You are searching about Formula For Distance Between A Point And A Line, today we will share with you article about Formula For Distance Between A Point And A Line was compiled and edited by our team from many sources on the internet. Hope this article on the topic Formula For Distance Between A Point And A Line is useful to you.

Muc lục nội dung

## Chemistry – The Nature of Light Or Electromagnetic Radiation

In the 1700s there were two theories about the nature of light. One theory, proposed by Sir Isaac Newton, proposed that light consists of a stream of tiny particles called corpuscles. Another theory, proposed by Christiaan Huygens, stated that light consists of waves. Who was right? Well most of the evidence pointed to waves, but there was more to the story.

In the 1800s most scientists accepted the wave theory of light due to the work of Thomas Young and James Clerk Maxwell. Both men were able to show that light bends, and Maxwell developed four famous formulas that describe the motion of light as a wave. Thus, wave theory became the dominant theory.

However, in the early 1900s the work of Max Planck, Arthur Compton, and Albert Einstein showed that light also has particle properties. Today we accept a concept of wave-particle duality of light.

Light as a Wave

When you light a fire in a fireplace you see and feel electromagnetic radiation. Fire emits light (visible radiation) and heat (thermal radiation). Both types of radiation exist in the form of electromagnetic waves and each has particles of energy. Therefore, we need to understand the properties of particles and waves.

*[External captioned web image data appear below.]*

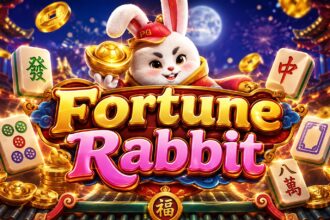 Fortune Rabbit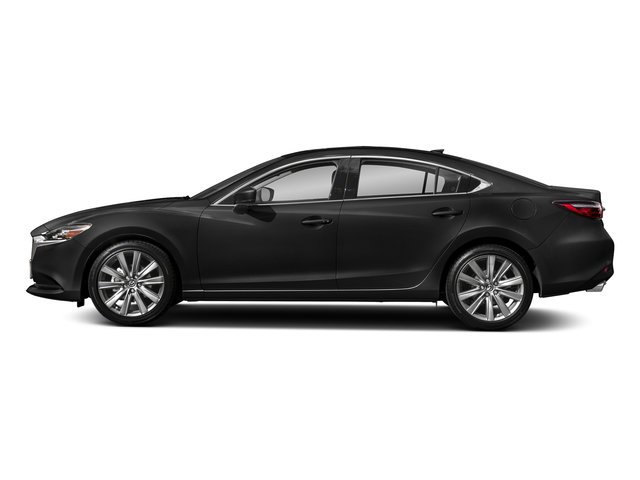 Used 2018 MAZDA MAZDA6 Signature FWD image 3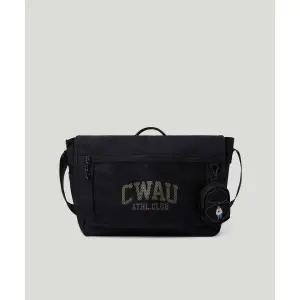 후아유 WHO.A.U Steve Messenger Bag WHBGF1132A 126083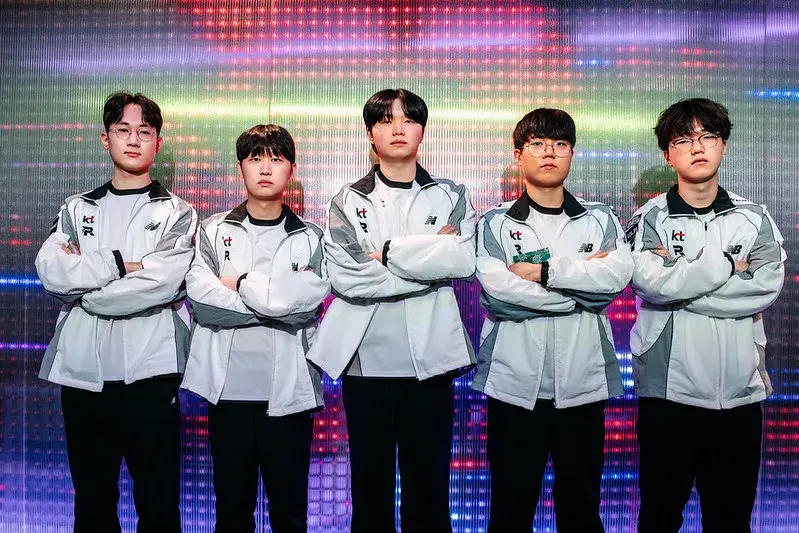 Road to MSI: Dplus KIA surge past BRION before KT end their ...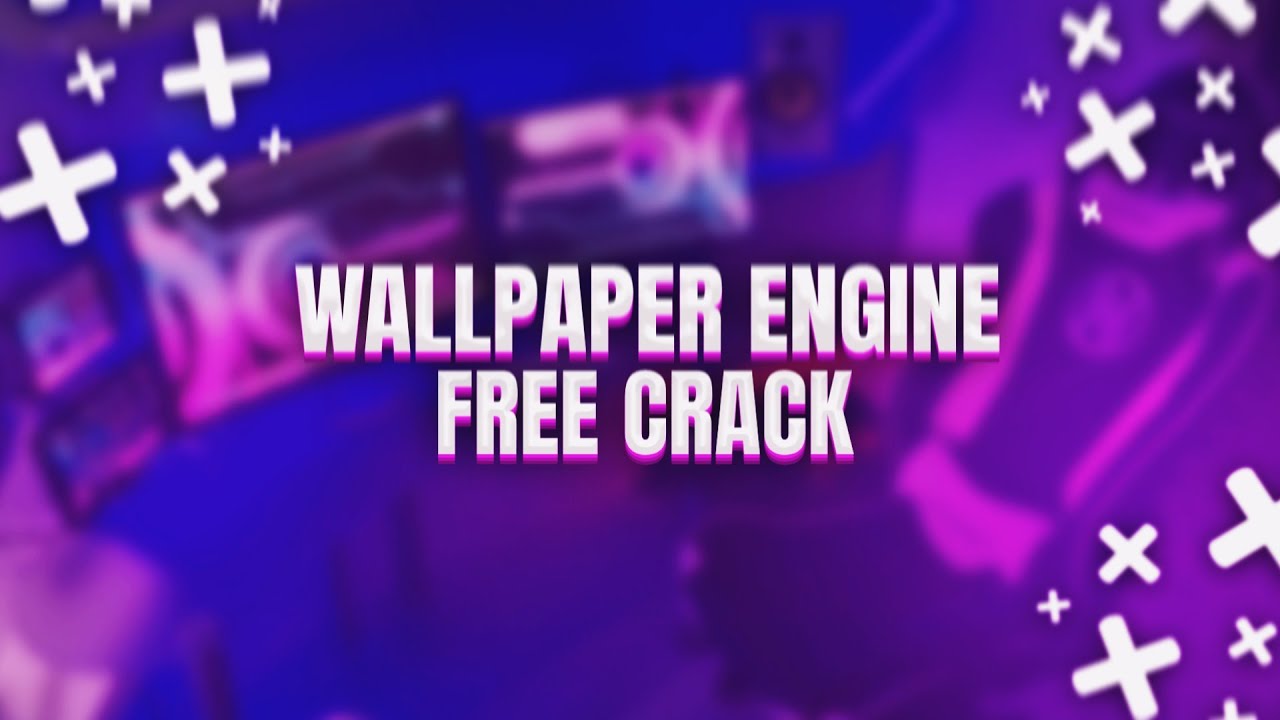 Wallpaper-Engine-Cracked-2026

Phenomena such as colors in soap bubbles, oil film and rain are best explained when light is considered as a wave. So, let’s look at the components of a wave.

An electromagnetic wave consists of an electric wave and a magnetic wave traveling at right angles to each other. The distance between adjacent maxima of an electromagnetic wave is the wavelength (λ) and is half the distance from a maximum to a minimum in magnitude. The number of cycles (maximum) that pass through a point in a given time is defined as frequency (ν) and hertz (Hz) as cycles per second.

The Spectrum

Unlike other types of waves, electromagnetic waves do not need a medium to travel and electromagnetic waves can travel through a gap of 3.00 x 108 m/s, the “speed of light”. It is known that the speed of any wave is the product of wavelength and frequency, and since the speed of light is constant, wavelength (λ) and frequency (ν) must be inversely proportional.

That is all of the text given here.